Source data>
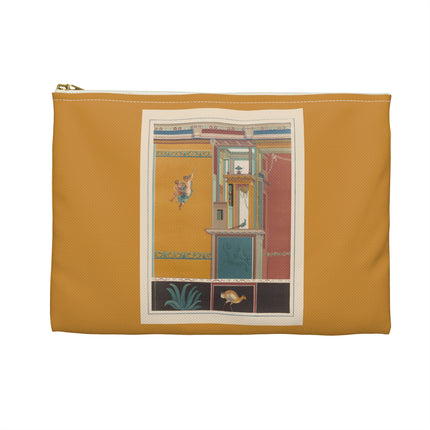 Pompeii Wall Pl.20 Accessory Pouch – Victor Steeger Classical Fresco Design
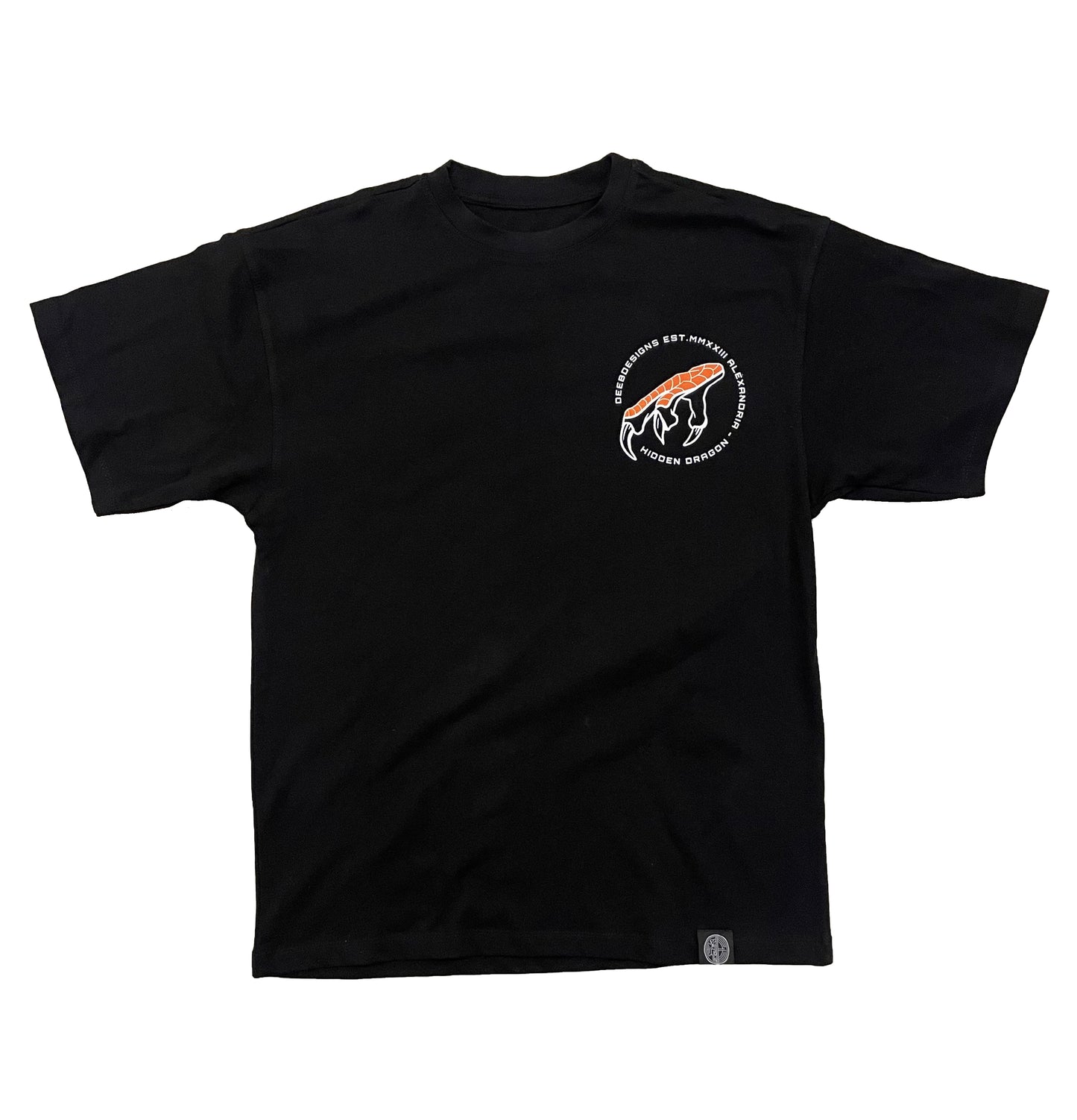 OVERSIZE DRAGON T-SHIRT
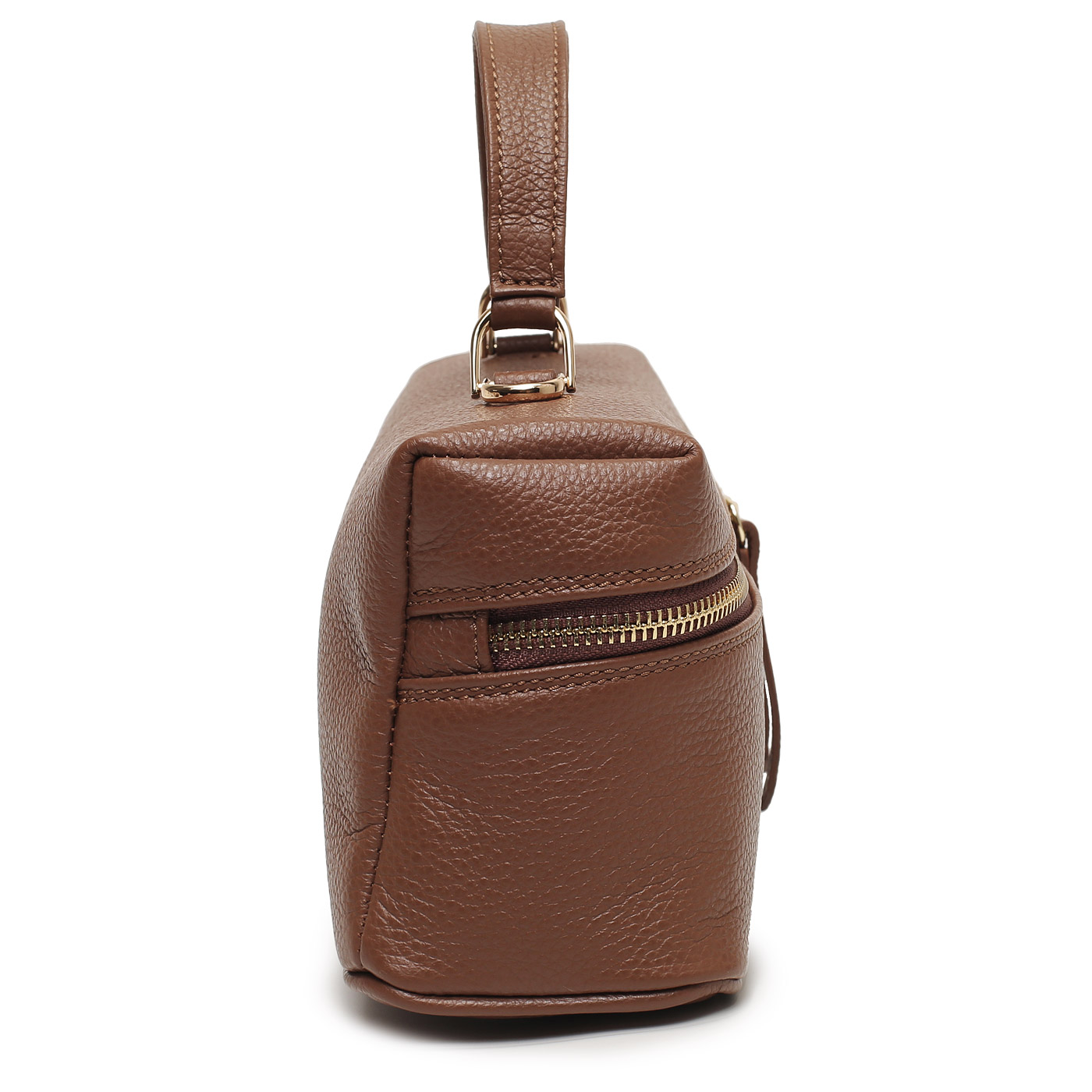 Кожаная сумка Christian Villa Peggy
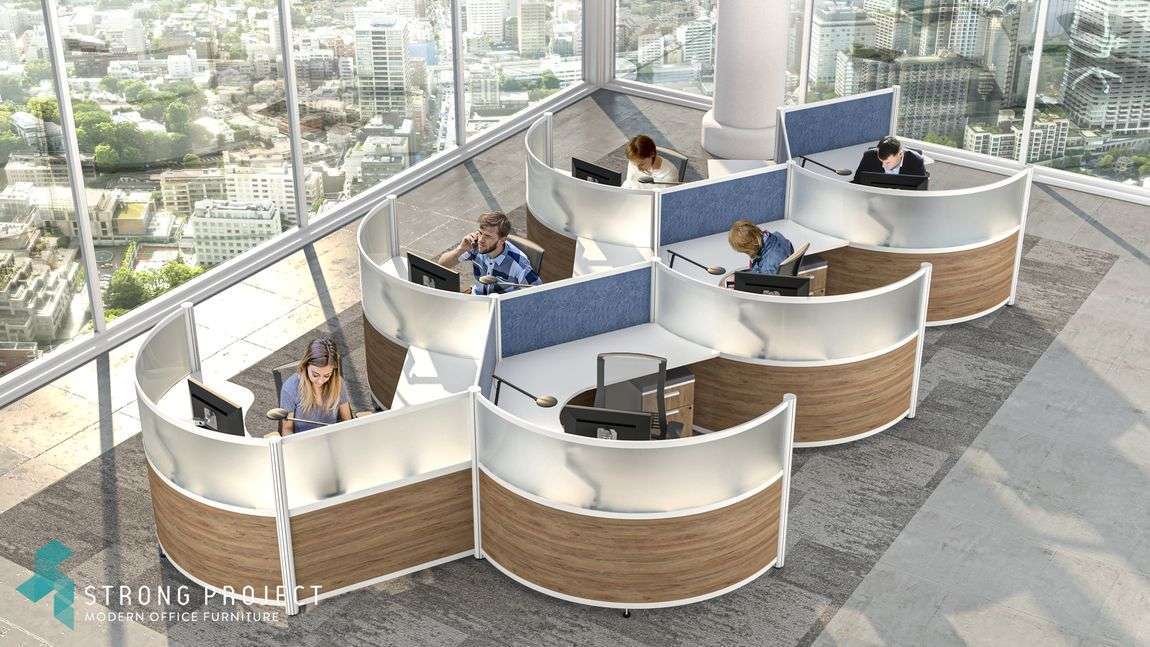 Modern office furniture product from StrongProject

Task goal> Send back the listing exactly as it stands. Do not include the pictures.

Your solution>
 Pompeii Wall Pl.20 Accessory Pouch – Victor Steeger Classical Fresco Design
 OVERSIZE DRAGON T-SHIRT
 Кожаная сумка Christian Villa Peggy
 Modern office furniture product from StrongProject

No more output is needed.